Non-parenting mothers are women who have given birth but for whatever reason, did not parent or are not raising their children. Forfeiting the rights and responsibilities of parenthood, whether voluntarily or not, is rarely viewed kindly by others. Lose custody of your child/ren to Child Protective Services for any reason and you’re automatically viewed as a “bad mom.” Give up a baby for adoption and your stock doesn’t improve much, either. Even women who allow their ex to raise the kids while paying him child support often get a bad rep.
Women, it seems, aren’t allowed to not want to mother.
It’s a topic deftly explored in the recent film The Lost Daughter, which stars Oscar winning actress Olivia Coleman (currently on Netflix).
In it, a middle-aged divorcee grapples with questions of her own identity as she recalls her decision to leave her small daughters for what she felt was everyone’s best interests, at the time.
“Since distance imposed the physical impossibility of intervening directly in their lives, satisfying their desires or whims became a mixture of rarefied or irresponsible gestures, every request seemed light, every task that had to do with them an affectionate habit. I felt miraculously unfettered, as if a difficult job, finally brought to completion, no longer weighed me down” ― Elena Ferrante, The Lost Daughter
Here’s the painful truth: not every female capable of bearing a child is necessarily best-suited for the lifelong responsibilities of raising it. Not every mom who loves her children loves parenting. (And not every girl who gets pregnant actually signed up for motherhood.)
Yes, Non-Parenting Mothers can too be Loving Moms
These may seem like fighting words, but non-parenting moms are not all unloving nor neglectful. There are any number of (valid) reasons that mothers who dearly love their kids may opt not to parent them, whether temporarily or permanently (ie., age, incarceration, addiction, deportation, sexual assault, mental health issues, domestic violence/abuse, serial poverty, fractured attachment, terminal illness, CPS, trauma, lack of maternal instinct, etc., etc., etc.)

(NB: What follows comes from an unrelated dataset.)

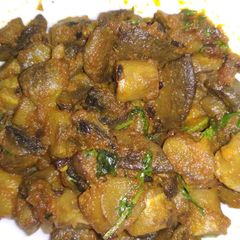 A picture of Mushroom onion fry.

When deadbeat dads leave their kids behind, society largely shrugs it off. Neighbors shake their collective heads, then assume it’s the mother’s responsibility to raise the kids, anyway. However, if a mother opts out of parenting duties, folks then rush to launch GoFundMe campaigns to help the hapless father, while savagely maligning the character of the mother involved. (Why is that, anyway?)

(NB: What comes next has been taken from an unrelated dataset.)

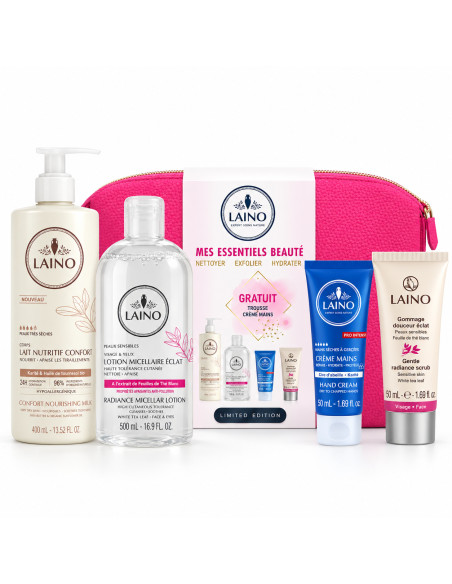 Trousse soins micellaire, karité, gommage et mains – Laino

For a female to find a higher calling in life than motherhood is so controversial, society typically gives a pass only those who are infertile. Yet our culture still expects even those women to somehow compensate by seeking out an orphan to love. States (like Texas) are passing laws making it ever-harder for women with unwanted pregnancies to avoid becoming mothers, but anyone who has ever placed a child for adoption can attest that their decision is widely questioned by others for years afterwards.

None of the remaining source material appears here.